*** Opening Data ***

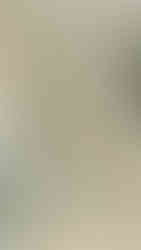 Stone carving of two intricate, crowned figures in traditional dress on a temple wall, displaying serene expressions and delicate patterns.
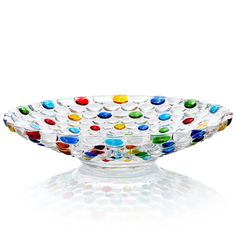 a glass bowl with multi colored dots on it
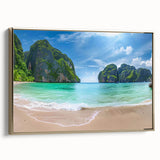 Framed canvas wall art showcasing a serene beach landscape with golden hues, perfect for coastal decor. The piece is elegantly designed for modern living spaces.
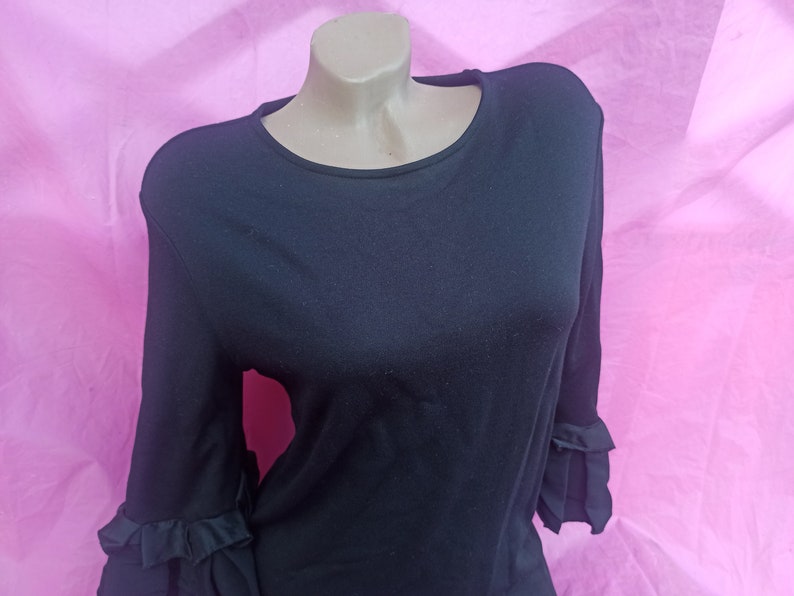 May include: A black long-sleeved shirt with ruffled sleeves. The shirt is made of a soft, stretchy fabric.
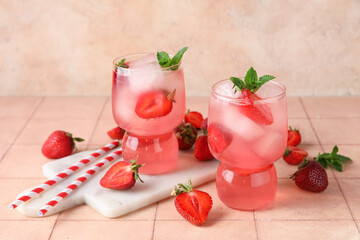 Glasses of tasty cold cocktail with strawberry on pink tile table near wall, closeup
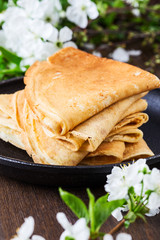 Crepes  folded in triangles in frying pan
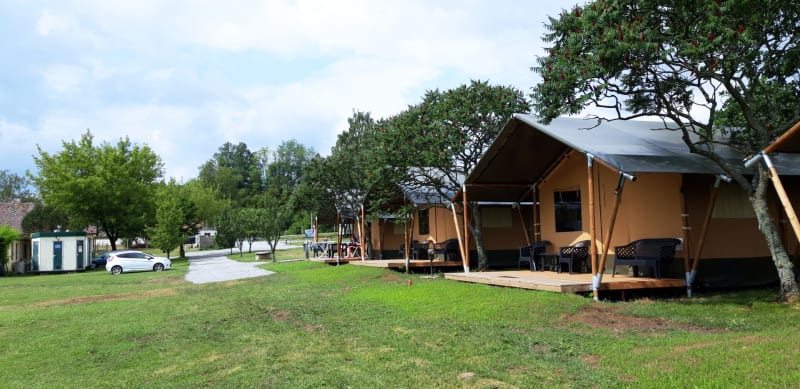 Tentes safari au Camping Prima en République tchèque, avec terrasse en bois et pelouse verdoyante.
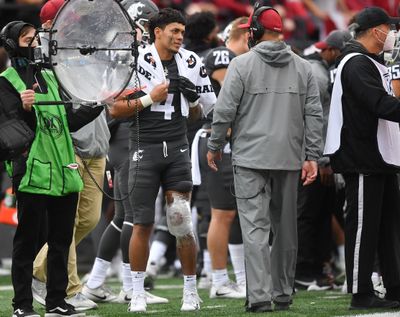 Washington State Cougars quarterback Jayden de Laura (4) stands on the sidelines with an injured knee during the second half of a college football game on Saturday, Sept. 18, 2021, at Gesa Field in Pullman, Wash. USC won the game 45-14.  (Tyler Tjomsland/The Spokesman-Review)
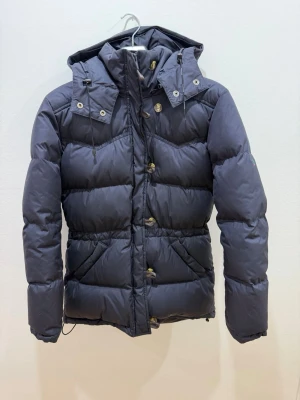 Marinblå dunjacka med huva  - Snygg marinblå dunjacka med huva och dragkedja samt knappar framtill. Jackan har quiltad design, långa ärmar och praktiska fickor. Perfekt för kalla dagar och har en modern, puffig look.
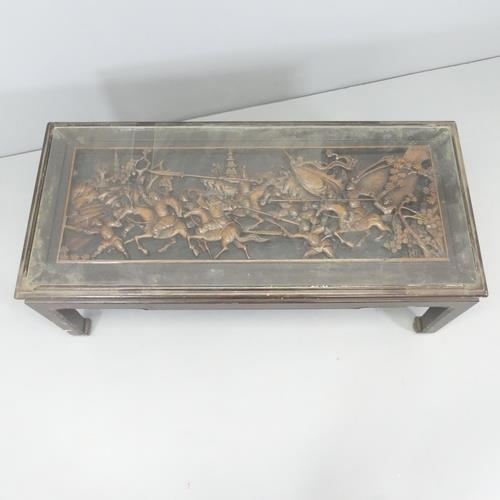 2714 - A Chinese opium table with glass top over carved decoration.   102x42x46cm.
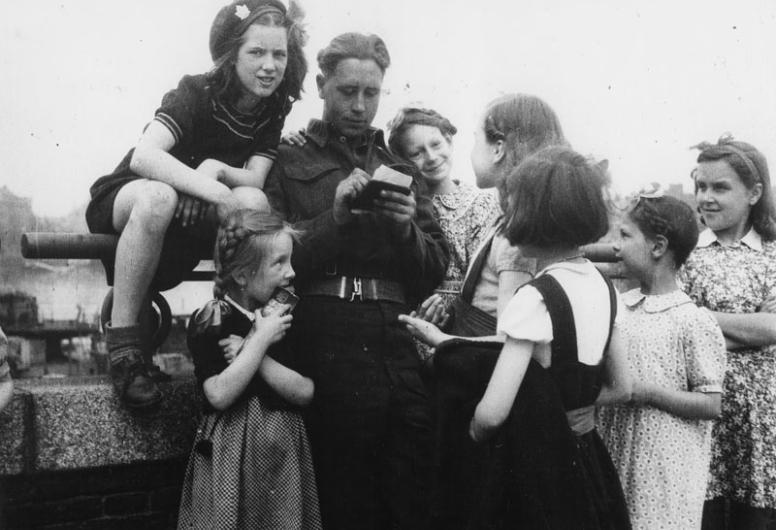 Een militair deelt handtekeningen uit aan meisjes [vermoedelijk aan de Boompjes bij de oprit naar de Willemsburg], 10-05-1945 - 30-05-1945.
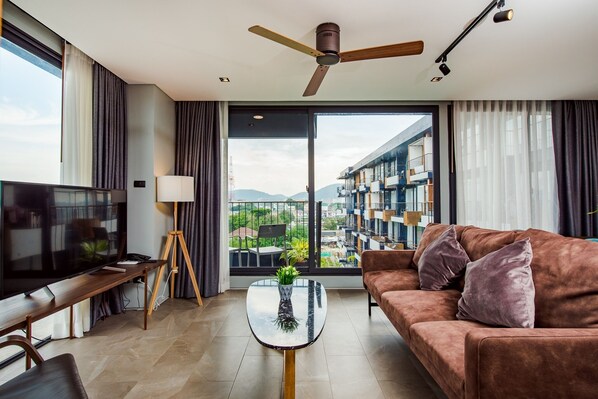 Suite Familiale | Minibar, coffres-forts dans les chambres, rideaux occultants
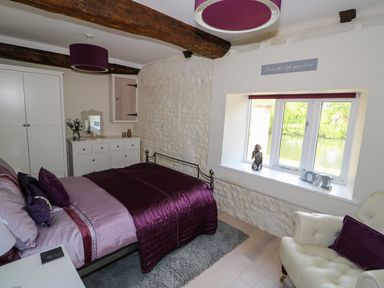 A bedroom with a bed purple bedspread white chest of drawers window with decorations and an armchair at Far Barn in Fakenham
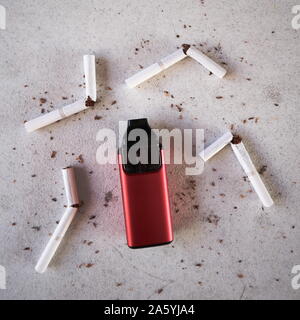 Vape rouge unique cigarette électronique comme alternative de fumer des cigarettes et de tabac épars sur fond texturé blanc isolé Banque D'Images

*** Closing Data ***
*** Opening Data ***

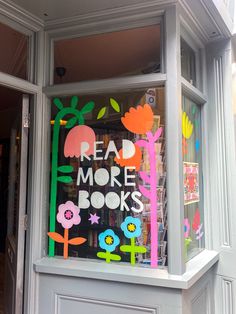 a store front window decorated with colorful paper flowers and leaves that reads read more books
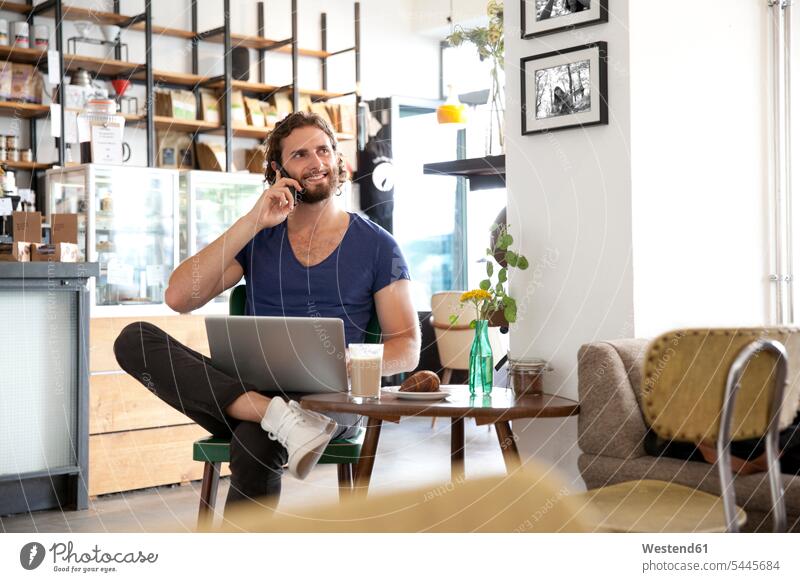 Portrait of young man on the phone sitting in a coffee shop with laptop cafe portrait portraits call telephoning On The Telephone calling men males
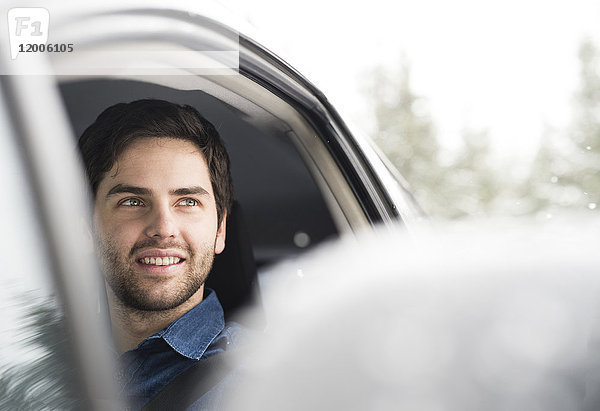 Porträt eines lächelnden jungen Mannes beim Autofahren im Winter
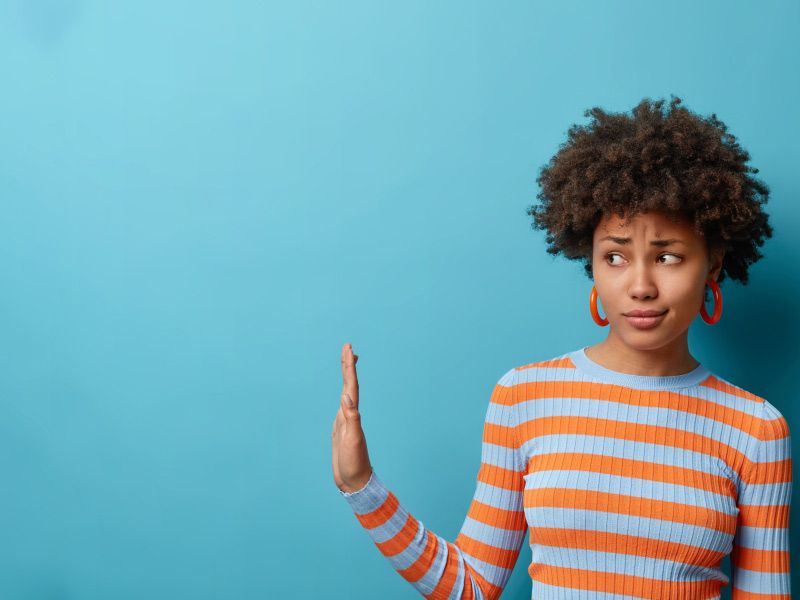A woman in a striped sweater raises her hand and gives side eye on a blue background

*** Closing Data ***
*** Opening Data ***

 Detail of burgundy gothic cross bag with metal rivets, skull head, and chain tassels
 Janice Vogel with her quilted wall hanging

*** Closing Data ***

▶ **Task directions**
Please copy out from the data above, without any picture, exactly the lines running from the one that holds "a store front" through the one that holds "A woman in a", and nothing beyond them.

▶ **Written response**
 a store front window decorated with colorful paper flowers and leaves that reads read more books
 Portrait of young man on the phone sitting in a coffee shop with laptop cafe portrait portraits call telephoning On The Telephone calling men males
 Porträt eines lächelnden jungen Mannes beim Autofahren im Winter
A woman in a striped sweater raises her hand and gives side eye on a blue background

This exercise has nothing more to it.